If I accelerate one piston inward (say at 9.8 m/s^2), there will be
an adiabatic compression at that end (and that compression will be
occurring faster and faster). The gas at that end will warm. In the
quasistatic limit, the gas throughout would be the same temperature,
but does a quasi-static approximation apply in this continuously
changing situation?
I conclude there will a definite (and
continuously changing) temperature gradient -- hottest near the
moving "back piston", and coolest near the stationary "front piston".
I could also pull out on the far side with the same sort of
acceleration. Same questions (but with cooling rather than warming,
of course). I conclude there will a definite (and continuously
changing) temperature gradient -- hottest near the "back piston", and
coolest near the moving "front piston".
I could also move BOTH sides with the same acceleration (maintaining
a constant volume) , so that there would be a continued adiabatic
compression at one end and a continued adiabatic expansion at the
other. Could this be considered quasi-static, so that we can assume
the gas will relax to a uniform temperature, or does the fact that
the ends are continuously changing (accelerating) mean we might never
reach a quasi-static situation and the compression & expansion would
maintain a temperature gradient across the tube?

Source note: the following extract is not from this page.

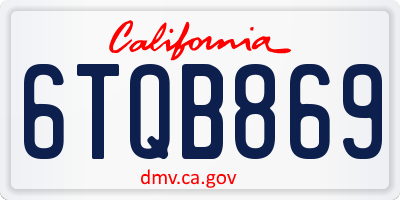 CA license plate 6TQB869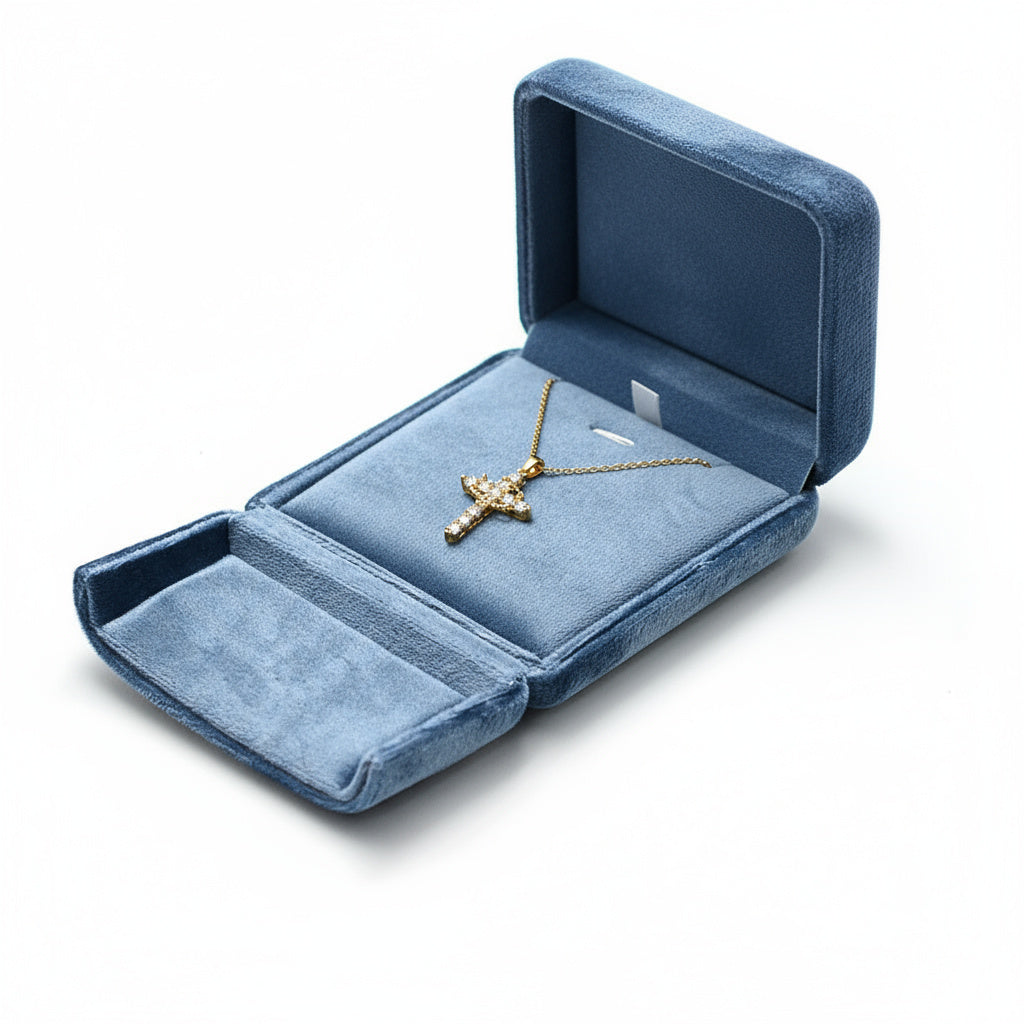 Homely Diamond Cross & Golden Crown Necklace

Of course, I could ALSO do this with a 1 km long tube mounted in a
spaceship accelerating at 9.8 m/s^2. Or do it with a 1 km long tube
standing on the earth. John Denker's previous analysis concludes
that we would indeed achieve a uniform temperature in any of these
cases.
FOLLOW-UP # 1: How would the analysis change if either or both of
the pistons was a thermal reservoir held at the original temperature
(eg 300 K), rather than an insulated piston?
FOLLOW-UP #2: For the one piston moving outward, at first the motion
is slow and we could treat this as a typical adiabatic expansion,
which cools the gas. But by the time the piston is moving very fast,
there will be essentially no molecules hitting the piston, and we
have approximately an adiabatic free expansion, which would NOT cool
the gas. Is the amount of cooling a function of the speed that the
piston is expanding? Presumably it must be. If could be interesting
to see what that function is.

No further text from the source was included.